I have a list I'd like to write out, data
, one file for each item like so:
for i,chunk in enumerate(data):
fname = ROOT / f'{i}.in'
with open(fname, "wb") as fout:
dill.dump(chunk, fout)
Since the data list can be quite long and I'm writing to a network storage location, I'm spending a lot of time waiting for the iteration in NFS back and forth, and I'd like to do this asynchronously if possible.
I have something that basically looks like this now:
import dill
import asyncio
import aiofiles
from pathlib import Path
ROOT = Path("/tmp/")
data = [str(i) for i in range(500)]
def serialize(data):
"""
Write my data out in serial
"""
for i,chunk in enumerate(data):
fname = ROOT / f'{i}.in'
print(fname)
with open(fname, "wb") as fout:
dill.dump(chunk, fout)
def aserialize(data):
"""
Same as above, but writes my data out asynchronously
"""
fnames = [ROOT / f'{i}.in' for i in range(len(data))]
chunks = data
async def write_file(i):
fname = fnames[i]
chunk = chunks[i]
print(fname)
async with aiofiles.open(fname, "wb") as fout:
print(f"written: {i}")
dill.dump(chunk, fout)
await fout.flush()
loop = asyncio.get_event_loop()
loop.run_until_complete(asyncio.gather(*[write_file(i) for i in range(len(data))]))

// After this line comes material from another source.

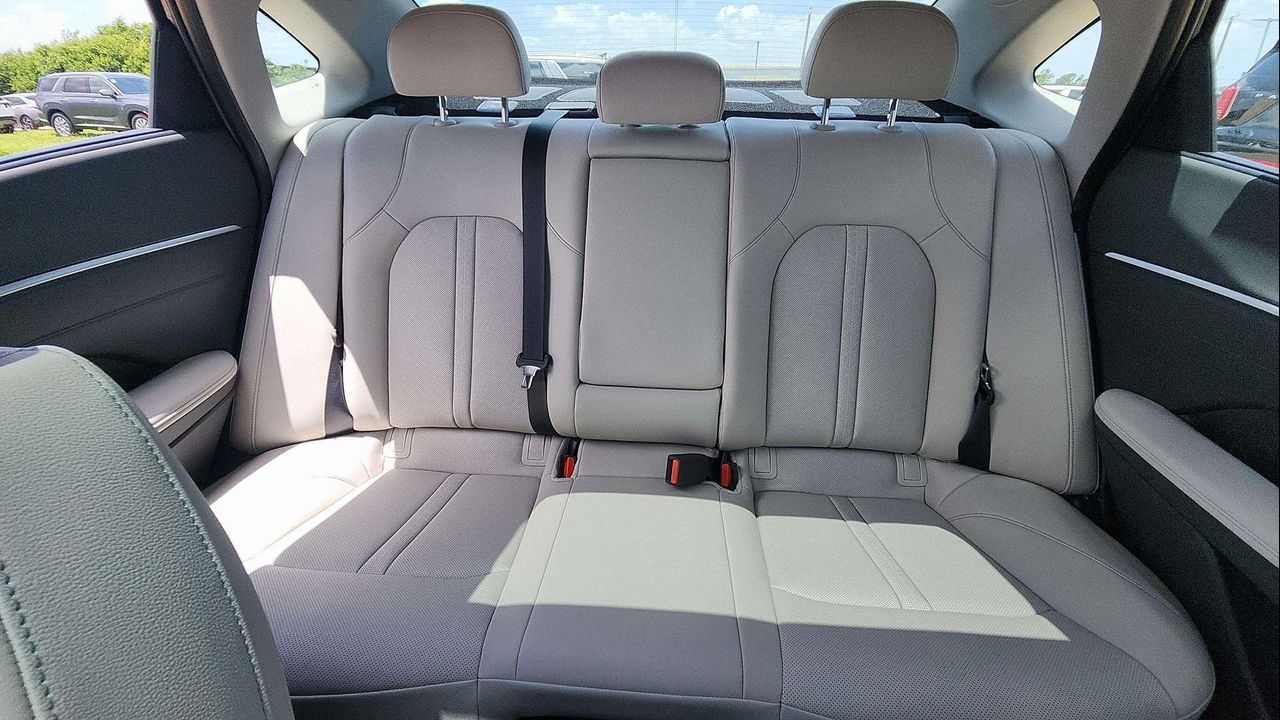 2025 Hyundai Sonata Hybrid Limited photo 21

Now, when I test the writes, this looks fast enough to be worthwhile on my NFS:
# test 1
start = datetime.utcnow()
serialize(data)
end = datetime.utcnow()
print(end - start)
# >>> 0:02:04.204681
# test 3
start = datetime.utcnow()
aserialize(data)
end = datetime.utcnow()
print(end - start)
# >>> 0:00:27.048893
# faster is better.
But when I actually /de/-serialize the data I wrote, I see that maybe it was fast because it wasn't writing anything:
def deserialize(dat):
tmp = []
for i in range(len(dat)):
fname = ROOT / f'{i}.in'
with open(fname, "rb") as fin:
fo = dill.load(fin)
tmp.append(fo)
return tmp
serialize(data)
d2 = deserialize(data)
d2 == data
# True
Good, whereas:
aserialize(data)
d3 = deserialize(data)
>>> Traceback (most recent call last):
File "<stdin>", line 1, in <module>
File "<stdin>", line 6, in deserialize
File "...python3.7/site-packages/dill/_dill.py", line 305, in load
obj = pik.load()
EOFError: Ran out of input
That is, the asynchronously written files are empty. No wonder it was so fast.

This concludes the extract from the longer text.